Your objective:
Pictures must not appear in the copy. Set down exactly the line with "Doi copii au" and each line after it through the end of the data below.

The data:
---------------
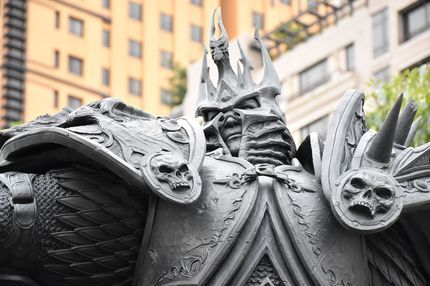 statue-3382310-1920.jpg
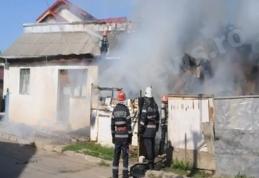 Doi copii au murit arşi de vii într-un incendiu devastator produs sâmbătă după amiază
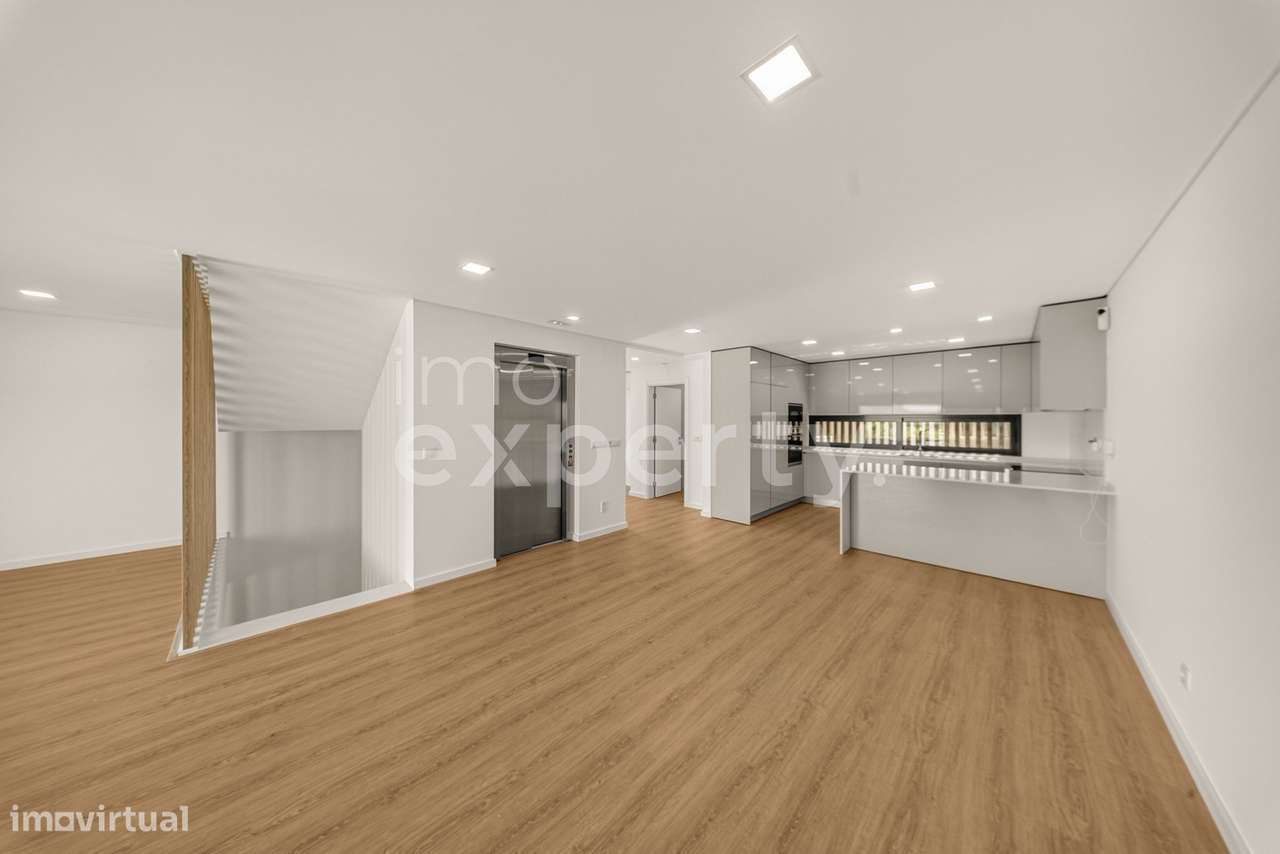 Moradia T5 de Luxo com piscina na Mealhada, Loures-10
---------------
Output for this task:
 Doi copii au murit arşi de vii într-un incendiu devastator produs sâmbătă după amiază
 Moradia T5 de Luxo com piscina na Mealhada, Loures-10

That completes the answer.